A ansiedade aparece quando começamos a pensar em círculos nesses “e se…?”

(Por Mariana Viktor)

Dia desses recebi um e-mail de uma leitora da coluna que mantenho num site de autoconhecimento, sobre o texto daquela semana. O tema era o sentido da vida e como acabamos perdendo o contato com o sentir de tanto pensar desgovernadamente, por reflexo, reação. E que, sem sentir, acabamos literalmente perdendo o sentido.

Ela escreveu:

“Tenho ficado todo dia superansiosa.  Me pego o tempo todo pensando: e se eu fizer isso? E se eu fizer aquilo?… Não encontro a resposta. Eu queria entender o que é esse parar de pensar, e sentir. Poderia dar algum exemplo?”

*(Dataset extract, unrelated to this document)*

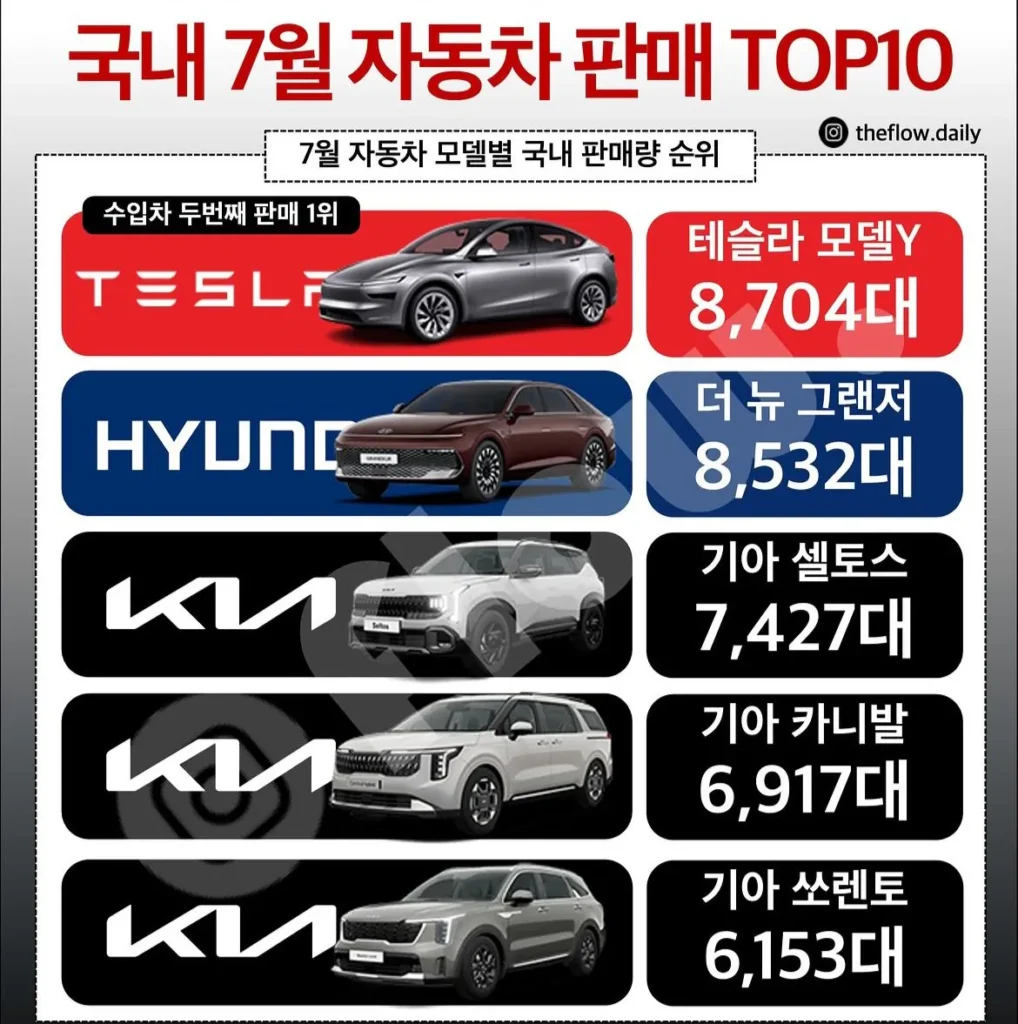 7월 국내 자동차 판매량 순위 TOP 10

Transcrevo trechos (editados) da resposta para a leitora, já que essa é uma angústia existencial de muitos de nós:

É difícil viver sem ter respostas exatas. Mas, com a passagem do tempo e das circunstâncias, com experiências doendo aqui e acolá, vamos descobrindo pedacinhos dessa “grande charada” ao criar pontes de compreensão mais profundas com as situações que vivemos. E o mais interessante ao observar esse processo é perceber que todas essas pontes levam pra cantos dentro de nós mesmos, invariavelmente, porque a realidade que percebemos é um reflexo fiel, mesmo que simbólico, dos nossos momentos internos.

Tive síndrome do pânico, por exemplo, durante anos, até entender que isso era a exata manifestação da guerra interna que eu vivia, e essa compreensão foi fundamental para a cura.

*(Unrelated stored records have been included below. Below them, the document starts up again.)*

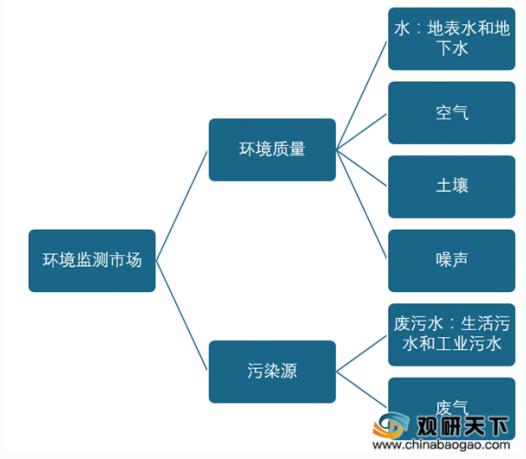 环境监测领域市场不断扩大 发展前景可观 未来将带动我国环境监测仪器快速发展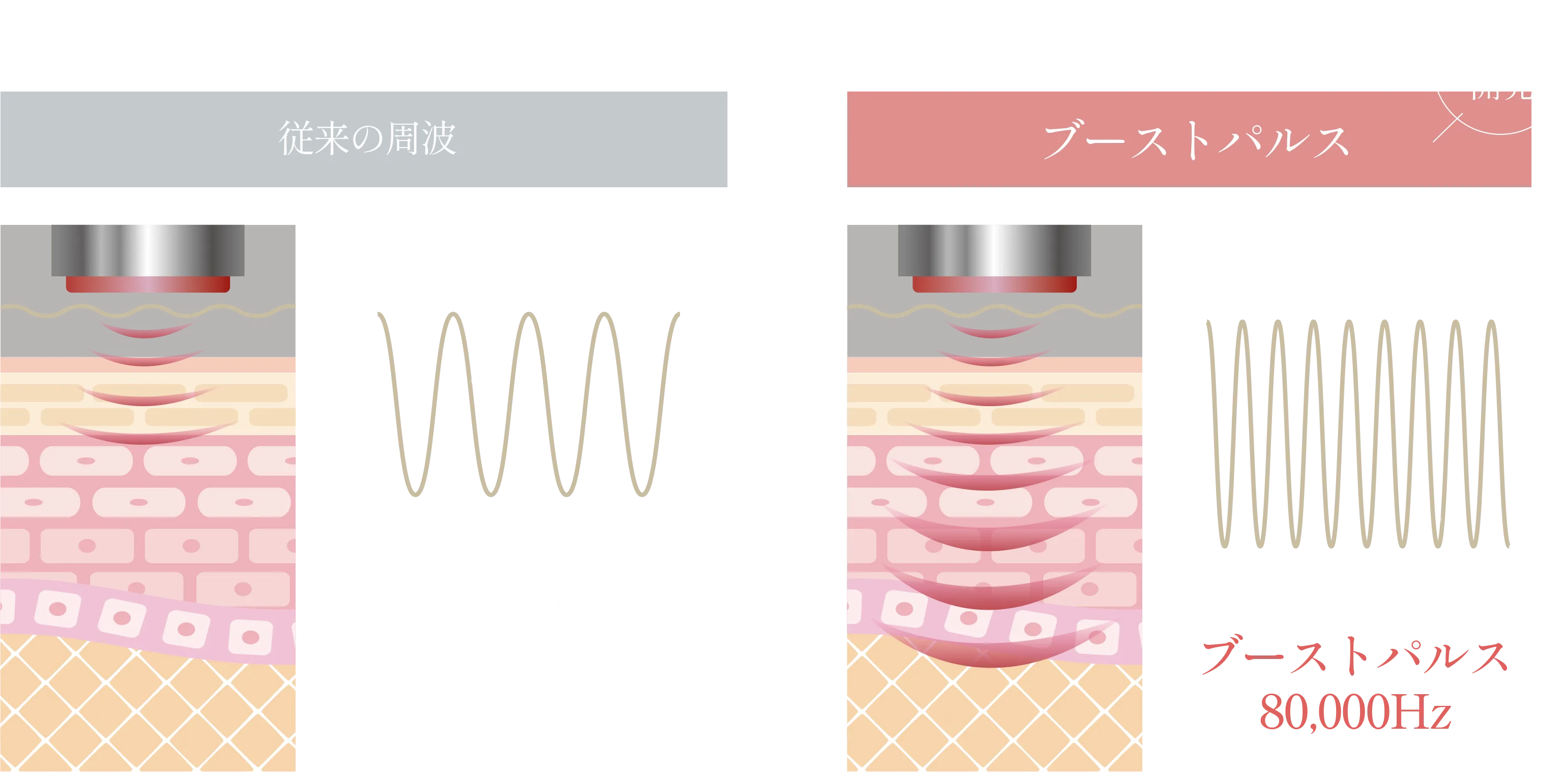 独自開発 ブーストパルス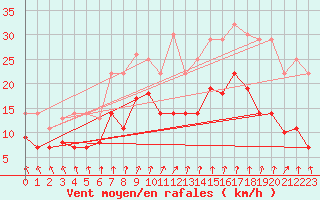 Courbe de la force du vent pour Luedge-Paenbruch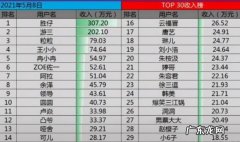 抖音胜仔怎么火起来的 抖音胜仔一年收入多少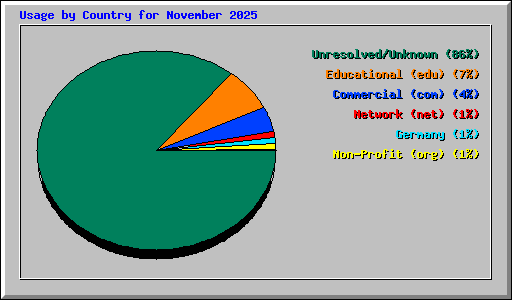 Usage by Country for November 2025
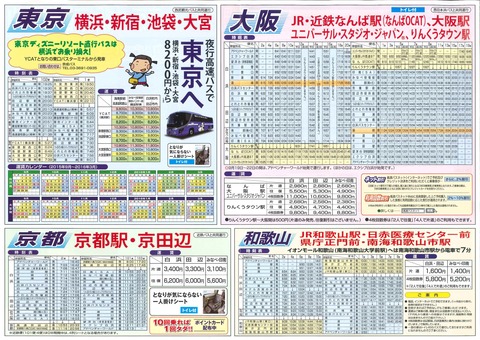 高速バス②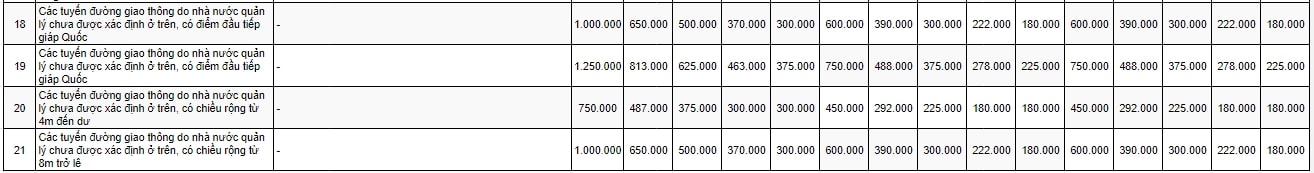 Bảng giá đất nông thôn thị xã Phú Mỹ 2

A ansiedade aparece quando começamos a pensar em círculos nesses “e se…?” que surgem naturalmente. São perguntas que todos se fazem, é claro. Mas as respostas que buscamos não virão delas. Delas virão outras perguntas e outras e mais outras, todas sem respostas satisfatórias ou que façam cessar o sofrimento, porque as perguntas brotaram da confusão, do medo, da frustração, da falta de confiança, da mágoa, da sensação de estar sem rumo.

O maior sentido da vida, dizem os grandes mestres da atualidade, é aprender a ser feliz a partir de dentro, independentemente do que esteja acontecendo fora – e então virá o sentido e o sentido em si trará realização pessoal. Essa é a grande mágica, a grande alquimia, e ao mesmo tempo o maior desafio que a vida coloca a nós como base de todas as nossas vivências. Se a felicidade e seus desdobramentos tivessem uma equação, seria Ser/Fazer/Ter. Ser feliz primeiro, para depois agir de maneira coerente com essa felicidade e, por fim, alcançar o que buscamos – um relacionamento gostoso, um trabalho que realize etc.

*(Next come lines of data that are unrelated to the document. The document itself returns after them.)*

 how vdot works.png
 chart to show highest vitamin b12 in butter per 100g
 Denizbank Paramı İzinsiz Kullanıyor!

A dor não tem a mera função de doer... Serve pra nos acordar e mostrar a porta da saída

A dor não tem a mera função de doer… Serve pra nos acordar e mostrar a porta da saída

E como conseguir isso se a felicidade parece uma utopia? Usando como guia o mecanismo mais antigo para sinalizar o que não vai bem: a dor. A dor não tem a mera função de doer… Serve pra nos acordar e mostrar a porta da saída: se algo está fazendo mal e trazendo infelicidade, é hora de rever a forma de pensar, o modo de reagir, os comportamentos habituais, o jeito de se relacionar, o estilo de viver ou as escolhas que fizemos – e fazemos – a cada instante.

Ser feliz não é fugir da dor, como pode parecer. Se colocamos o foco em fugir da dor teremos apenas mais dor, como nos ensina o processo de coaching e a vida em si. Mas, eliminando o que nos faz mal, o que nos machuca e nos cega de angústia, conseguimos saber mais claramente o que queremos de verdade, o que nos faz realmente bem e traz sentido pra nossa vida.

Viver de acordo com quem somos por si só já tem gosto de felicidade, não tem?